----- DATA IN THIS EXERCISE

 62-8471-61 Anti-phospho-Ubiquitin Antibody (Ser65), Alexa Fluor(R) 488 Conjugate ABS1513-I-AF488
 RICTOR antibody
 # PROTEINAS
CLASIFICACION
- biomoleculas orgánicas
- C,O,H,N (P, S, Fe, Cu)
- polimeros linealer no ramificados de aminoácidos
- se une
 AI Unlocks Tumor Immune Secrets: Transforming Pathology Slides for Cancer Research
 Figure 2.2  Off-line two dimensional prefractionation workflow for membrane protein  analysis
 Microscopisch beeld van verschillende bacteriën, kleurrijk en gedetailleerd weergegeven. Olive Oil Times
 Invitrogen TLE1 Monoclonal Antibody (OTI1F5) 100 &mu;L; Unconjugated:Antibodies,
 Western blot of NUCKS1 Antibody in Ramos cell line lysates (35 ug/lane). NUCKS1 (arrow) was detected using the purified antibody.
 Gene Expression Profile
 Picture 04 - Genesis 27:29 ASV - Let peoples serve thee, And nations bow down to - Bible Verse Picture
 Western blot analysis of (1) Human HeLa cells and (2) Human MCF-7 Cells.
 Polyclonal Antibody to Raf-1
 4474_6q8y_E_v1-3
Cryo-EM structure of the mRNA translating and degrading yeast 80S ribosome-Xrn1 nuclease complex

----------

Up to and including the line with "Picture 04 - Genesis", repeat the data exactly, starting from its first line; nothing else belongs in the response.

 62-8471-61 Anti-phospho-Ubiquitin Antibody (Ser65), Alexa Fluor(R) 488 Conjugate ABS1513-I-AF488
 RICTOR antibody
 # PROTEINAS
CLASIFICACION
- biomoleculas orgánicas
- C,O,H,N (P, S, Fe, Cu)
- polimeros linealer no ramificados de aminoácidos
- se une
 AI Unlocks Tumor Immune Secrets: Transforming Pathology Slides for Cancer Research
 Figure 2.2  Off-line two dimensional prefractionation workflow for membrane protein  analysis
 Microscopisch beeld van verschillende bacteriën, kleurrijk en gedetailleerd weergegeven. Olive Oil Times
 Invitrogen TLE1 Monoclonal Antibody (OTI1F5) 100 &mu;L; Unconjugated:Antibodies,
 Western blot of NUCKS1 Antibody in Ramos cell line lysates (35 ug/lane). NUCKS1 (arrow) was detected using the purified antibody.
 Gene Expression Profile
 Picture 04 - Genesis 27:29 ASV - Let peoples serve thee, And nations bow down to - Bible Verse Picture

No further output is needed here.